On the Inherent Privacy Properties of Discrete Denoising Diffusion Models
- URL: http://arxiv.org/abs/2310.15524v3
- Date: Mon, 3 Jun 2024 03:02:54 GMT
- Title: On the Inherent Privacy Properties of Discrete Denoising Diffusion Models
- Authors: Rongzhe Wei, Eleonora Kreačić, Haoyu Wang, Haoteng Yin, Eli Chien, Vamsi K. Potluru, Pan Li,
- Abstract summary: We present the pioneering theoretical exploration of the privacy preservation inherent in discrete diffusion models.
Our framework elucidates the potential privacy leakage for each data point in a given training dataset.

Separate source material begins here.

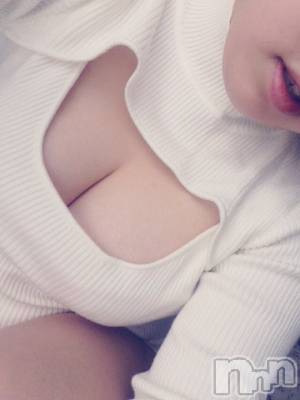 みさと・本日2日目(30) 身長162cm、スリーサイズB89(E).W59.H87。新潟人妻デリヘル 人妻不倫処　桃屋　新潟店(ヒトヅマフリンドコロモモヤ)在籍。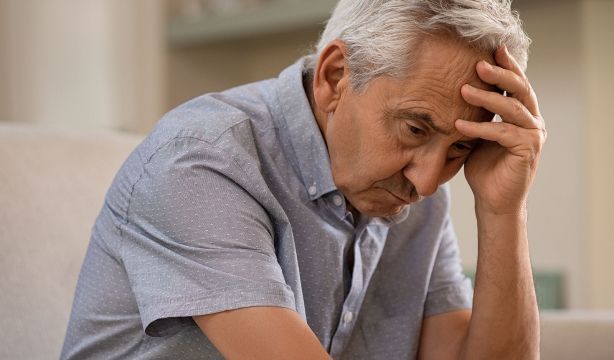 Un neurólogo explica cómo actuar ante los delirios y la agresividad en personas con alzhéimer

Our bounds also show that training with $s$-sized data points leads to a surge in privacy leakage.
- Score: 17.773335593043004
- License: http://creativecommons.org/licenses/by/4.0/
- Abstract: Privacy concerns have led to a surge in the creation of synthetic datasets, with diffusion models emerging as a promising avenue. Although prior studies have performed empirical evaluations on these models, there has been a gap in providing a mathematical characterization of their privacy-preserving capabilities. To address this, we present the pioneering theoretical exploration of the privacy preservation inherent in discrete diffusion models (DDMs) for discrete dataset generation. Focusing on per-instance differential privacy (pDP), our framework elucidates the potential privacy leakage for each data point in a given training dataset, offering insights into how the privacy loss of each point correlates with the dataset's distribution. Our bounds also show that training with $s$-sized data points leads to a surge in privacy leakage from $(\epsilon, O(\frac{1}{s^2\epsilon}))$-pDP to $(\epsilon, O(\frac{1}{s\epsilon}))$-pDP of the DDM during the transition from the pure noise to the synthetic clean data phase, and a faster decay in diffusion coefficients amplifies the privacy guarantee. Finally, we empirically verify our theoretical findings on both synthetic and real-world datasets.